WASHINGTON (CNN) -- An FBI executive pleaded guilty to obstruction of justice Wednesday after admitting in federal court that he had destroyed an internal FBI report criticizing the bureau's handling of the 1992 siege at Ruby Ridge, Idaho.

As part of his plea, E. Michael Kahoe agreed to cooperate with federal prosecutors looking into the possibility that other FBI officials were involved in a cover-up of the actions that took place during the nine-day standoff outside white separatist Randy Weaver's mountain cabin.

standoff Weaver's wife and son, and a federal marshal were shot to death during the nine-day standoff.

The lead federal prosecutor, U.S. Attorney Michael Stiles, said he has not promised Kahoe he will remain out of prison. Kahoe could be sentenced to up to 10 years in prison and a $250,000 fine. However, the judge granted the prosecutor's request that no sentencing date be set, and that Kahoe be released without posting bond.

Moments before Kahoe pleaded guilty in open court, prosecutors described what they said were Kahoe's illegal actions.

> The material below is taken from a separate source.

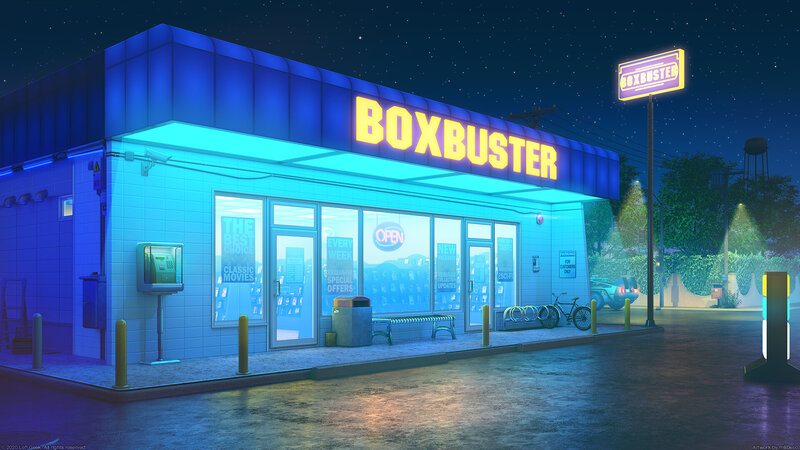 Boxbuster Video Store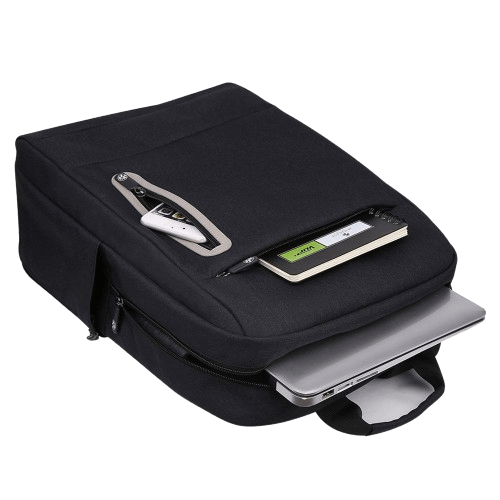 תיק גב יוקרתי אורטופדי המתאים למחשב נייד עד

Government attorney Eric Sitarchuk said Kahoe had thrown all of his copies of the "after-action" report into his trash can to be shredded and had ordered a subordinate, Gale Evans, to destroy all other copies. He said Kahoe had previously met with Justice Department officials several times, and had promised to turn over all key documents requested by federal prosecutors.

However, Sitarchuk said Kahoe had been determined to keep the internal FBI criticism of its Ruby Ridge actions out of the hands of prosecutors trying Weaver in Idaho.

Sitarchuk said Kahoe told Evans, "to make it like the Ruby Ridge after-action critique had never existed."

Kahoe refused to comment as he left the courthouse. His lawyer, Jim Richmond, told reporters, "I'll have plenty to say later, but it's not the right time now."